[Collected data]
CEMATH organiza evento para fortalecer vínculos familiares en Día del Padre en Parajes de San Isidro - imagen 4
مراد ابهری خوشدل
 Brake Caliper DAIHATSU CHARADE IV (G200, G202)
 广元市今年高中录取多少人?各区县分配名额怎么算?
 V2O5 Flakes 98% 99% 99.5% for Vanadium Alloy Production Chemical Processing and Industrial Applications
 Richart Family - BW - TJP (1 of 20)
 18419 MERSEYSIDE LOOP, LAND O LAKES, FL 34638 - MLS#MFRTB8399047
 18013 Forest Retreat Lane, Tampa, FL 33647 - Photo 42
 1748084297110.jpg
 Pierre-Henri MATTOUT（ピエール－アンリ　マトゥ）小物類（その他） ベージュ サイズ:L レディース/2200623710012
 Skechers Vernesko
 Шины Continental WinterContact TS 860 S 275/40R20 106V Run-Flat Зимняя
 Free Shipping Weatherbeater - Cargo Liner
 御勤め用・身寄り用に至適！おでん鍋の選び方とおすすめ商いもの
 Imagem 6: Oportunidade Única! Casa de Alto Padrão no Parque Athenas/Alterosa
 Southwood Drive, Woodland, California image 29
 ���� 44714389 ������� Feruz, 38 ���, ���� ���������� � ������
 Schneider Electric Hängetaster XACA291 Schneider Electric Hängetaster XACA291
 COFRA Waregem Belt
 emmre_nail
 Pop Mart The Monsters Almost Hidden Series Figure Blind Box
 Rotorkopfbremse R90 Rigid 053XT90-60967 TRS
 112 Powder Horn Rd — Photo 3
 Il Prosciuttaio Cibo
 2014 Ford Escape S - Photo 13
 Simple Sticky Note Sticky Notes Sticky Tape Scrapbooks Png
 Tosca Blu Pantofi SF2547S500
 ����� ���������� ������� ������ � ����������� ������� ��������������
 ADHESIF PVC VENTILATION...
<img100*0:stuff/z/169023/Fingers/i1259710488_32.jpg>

Work request:
Print every line of the records above without a single difference.

Answer to this task:
CEMATH organiza evento para fortalecer vínculos familiares en Día del Padre en Parajes de San Isidro - imagen 4
مراد ابهری خوشدل
 Brake Caliper DAIHATSU CHARADE IV (G200, G202)
 广元市今年高中录取多少人?各区县分配名额怎么算?
 V2O5 Flakes 98% 99% 99.5% for Vanadium Alloy Production Chemical Processing and Industrial Applications
 Richart Family - BW - TJP (1 of 20)
 18419 MERSEYSIDE LOOP, LAND O LAKES, FL 34638 - MLS#MFRTB8399047
 18013 Forest Retreat Lane, Tampa, FL 33647 - Photo 42
 1748084297110.jpg
 Pierre-Henri MATTOUT（ピエール－アンリ　マトゥ）小物類（その他） ベージュ サイズ:L レディース/2200623710012
 Skechers Vernesko
 Шины Continental WinterContact TS 860 S 275/40R20 106V Run-Flat Зимняя
 Free Shipping Weatherbeater - Cargo Liner
 御勤め用・身寄り用に至適！おでん鍋の選び方とおすすめ商いもの
 Imagem 6: Oportunidade Única! Casa de Alto Padrão no Parque Athenas/Alterosa
 Southwood Drive, Woodland, California image 29
 ���� 44714389 ������� Feruz, 38 ���, ���� ���������� � ������
 Schneider Electric Hängetaster XACA291 Schneider Electric Hängetaster XACA291
 COFRA Waregem Belt
 emmre_nail
 Pop Mart The Monsters Almost Hidden Series Figure Blind Box
 Rotorkopfbremse R90 Rigid 053XT90-60967 TRS
 112 Powder Horn Rd — Photo 3
 Il Prosciuttaio Cibo
 2014 Ford Escape S - Photo 13
 Simple Sticky Note Sticky Notes Sticky Tape Scrapbooks Png
 Tosca Blu Pantofi SF2547S500
 ����� ���������� ������� ������ � ����������� ������� ��������������
 ADHESIF PVC VENTILATION...
<img100*0:stuff/z/169023/Fingers/i1259710488_32.jpg>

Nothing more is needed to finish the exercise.